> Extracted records
----

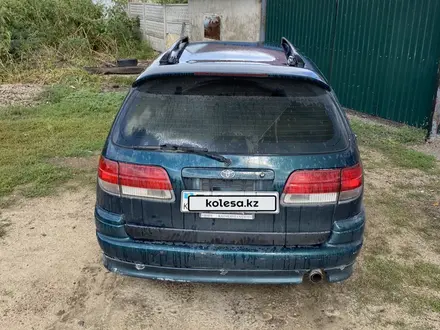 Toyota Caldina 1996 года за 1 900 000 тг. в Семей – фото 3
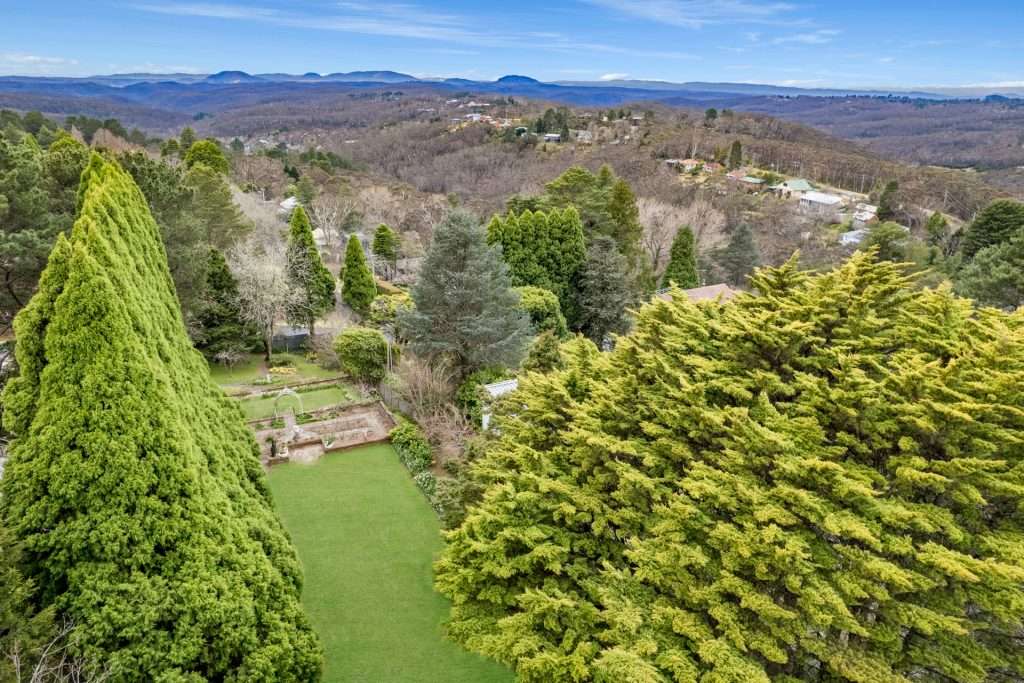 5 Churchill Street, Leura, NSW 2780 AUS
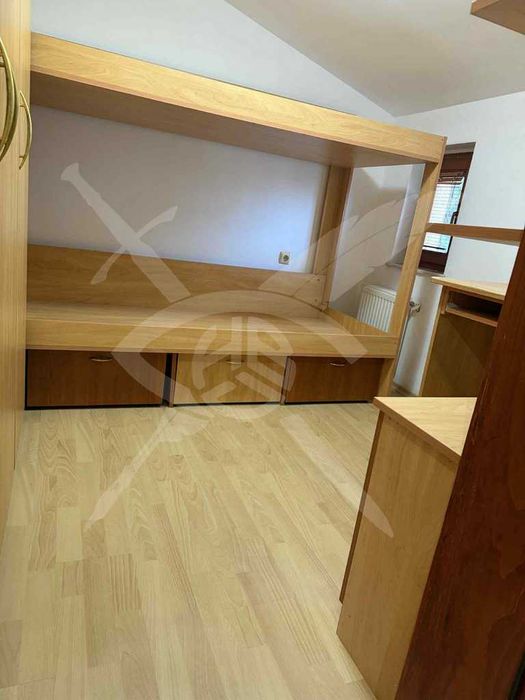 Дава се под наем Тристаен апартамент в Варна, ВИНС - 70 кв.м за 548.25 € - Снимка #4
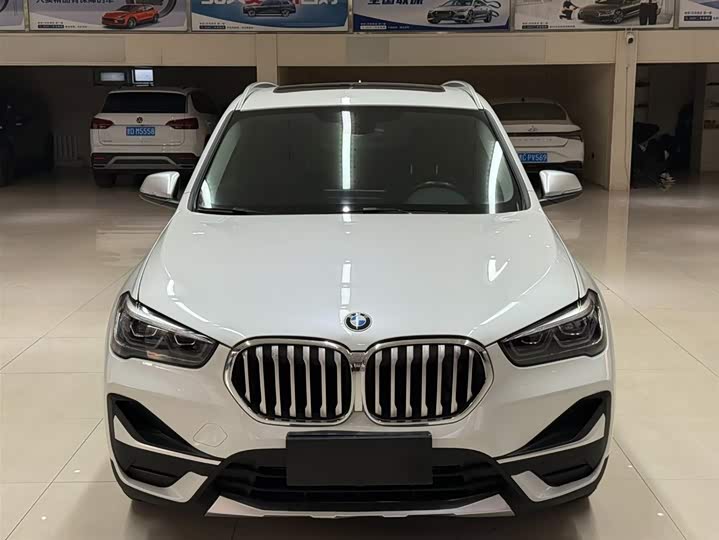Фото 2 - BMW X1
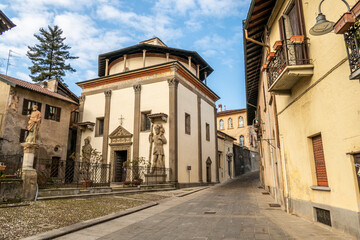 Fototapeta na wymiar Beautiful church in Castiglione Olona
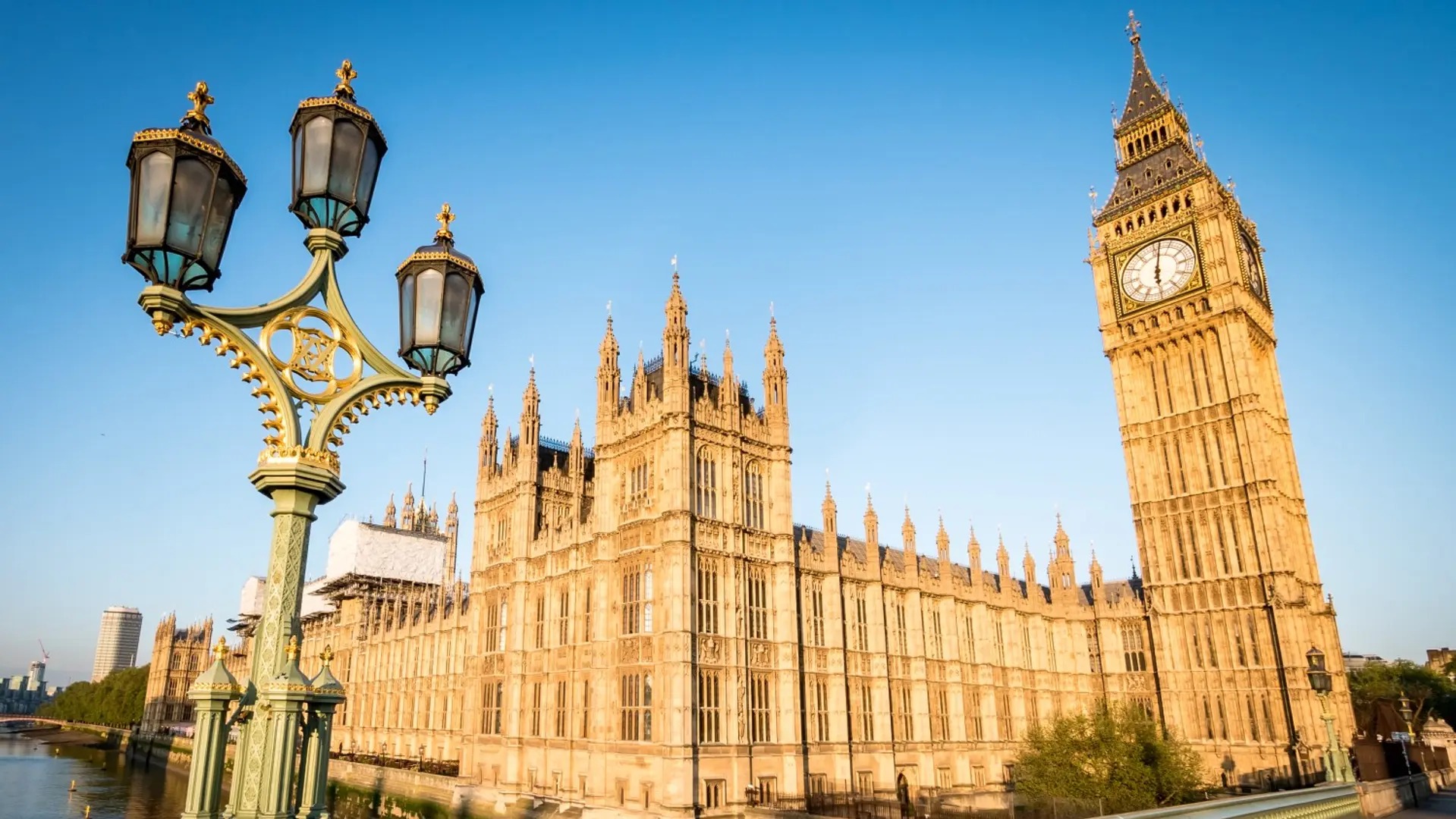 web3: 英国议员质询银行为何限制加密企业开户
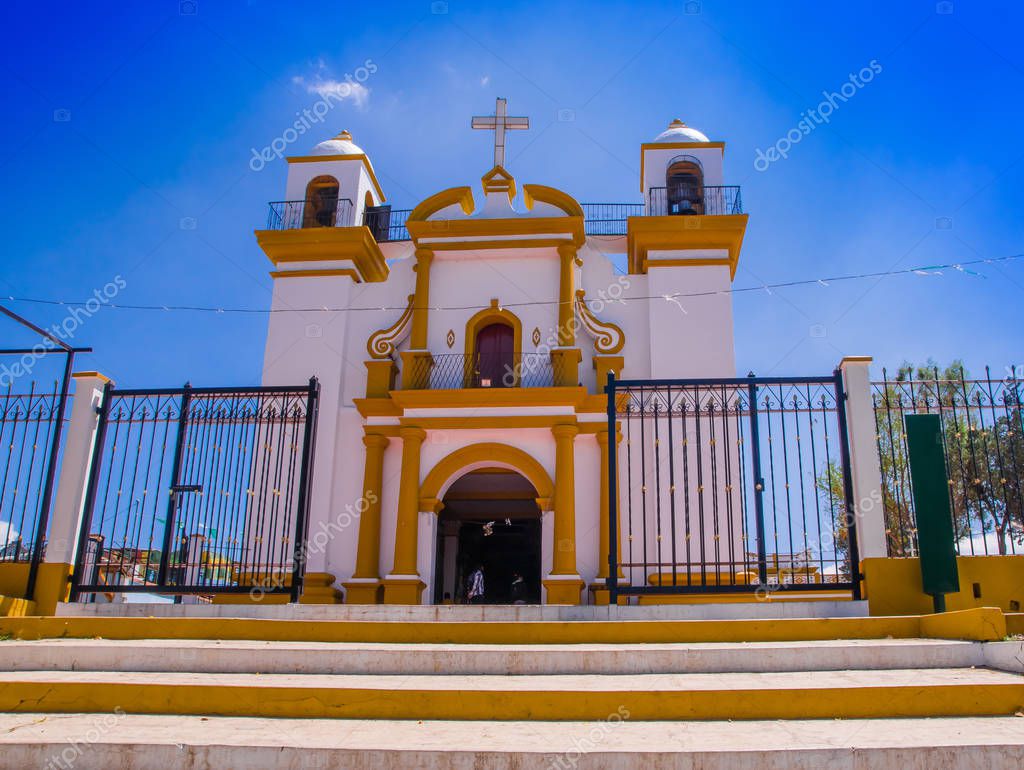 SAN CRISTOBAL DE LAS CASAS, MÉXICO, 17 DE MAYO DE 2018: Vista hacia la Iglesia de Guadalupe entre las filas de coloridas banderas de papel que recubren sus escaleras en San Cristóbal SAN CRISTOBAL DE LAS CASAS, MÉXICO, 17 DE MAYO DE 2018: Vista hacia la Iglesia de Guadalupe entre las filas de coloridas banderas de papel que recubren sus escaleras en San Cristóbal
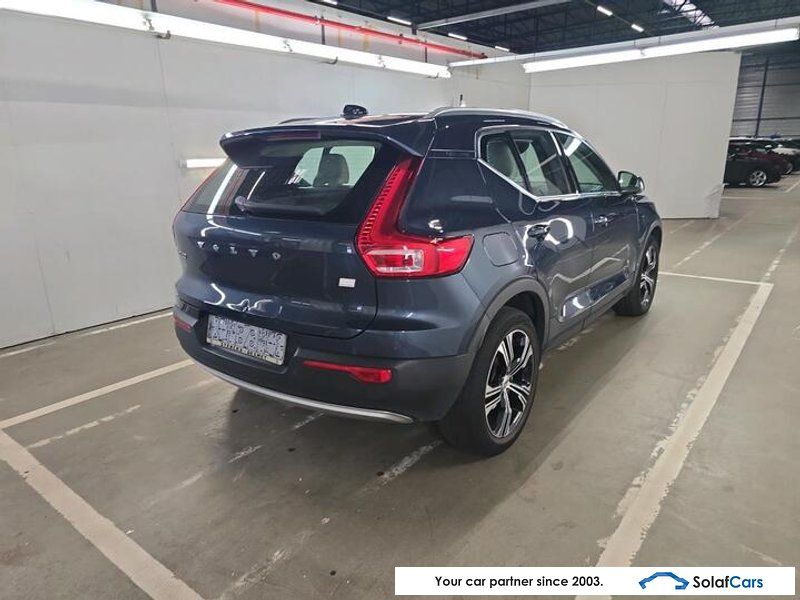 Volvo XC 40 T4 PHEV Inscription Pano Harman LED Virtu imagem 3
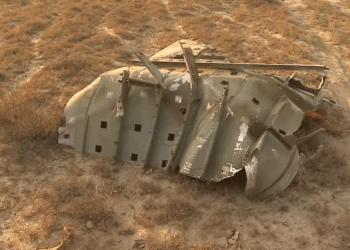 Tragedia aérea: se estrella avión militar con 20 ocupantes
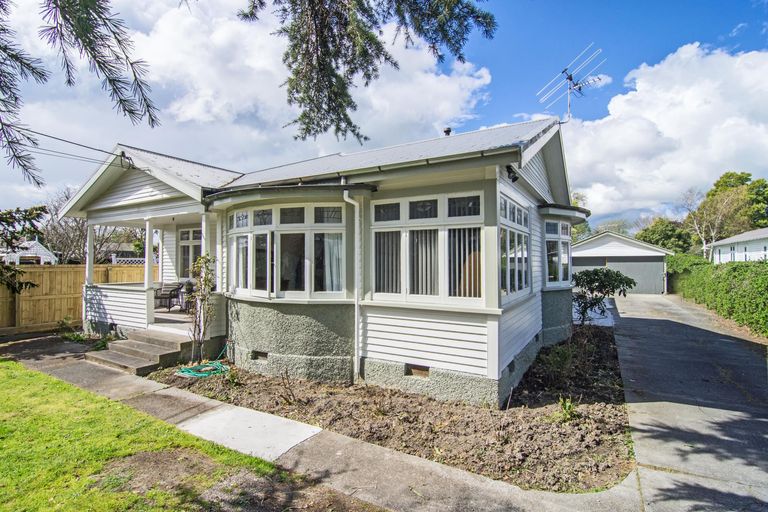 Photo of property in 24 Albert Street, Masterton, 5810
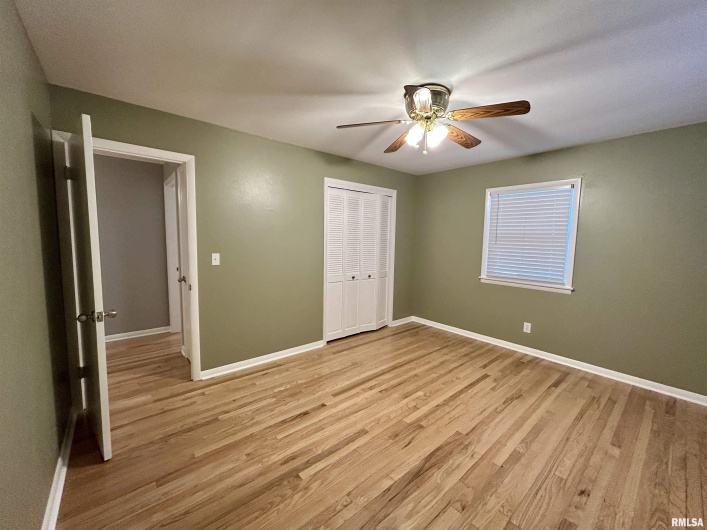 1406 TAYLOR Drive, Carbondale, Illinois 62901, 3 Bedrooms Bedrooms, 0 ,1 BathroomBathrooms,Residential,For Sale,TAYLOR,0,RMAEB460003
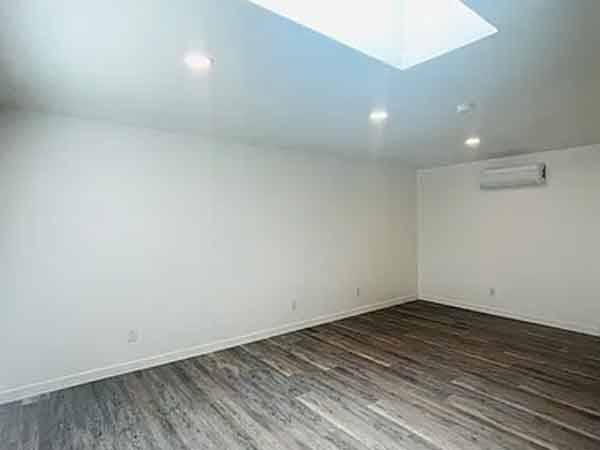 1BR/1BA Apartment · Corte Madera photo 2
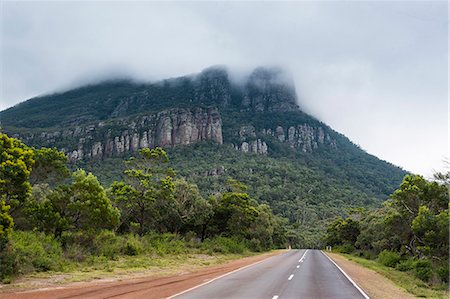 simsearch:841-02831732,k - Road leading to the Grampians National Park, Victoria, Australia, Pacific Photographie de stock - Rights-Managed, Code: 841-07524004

----

> Instructions for the task
In the entries above, find the line containing "Дава се под" and the line containing "web3: 英国议员质询银行为何限制加密企业开户"; give again exactly those two lines and every line between them, minus the pictures.

> Expected answer
 Дава се под наем Тристаен апартамент в Варна, ВИНС - 70 кв.м за 548.25 € - Снимка #4
Фото 2 - BMW X1
 Fototapeta na wymiar Beautiful church in Castiglione Olona
 web3: 英国议员质询银行为何限制加密企业开户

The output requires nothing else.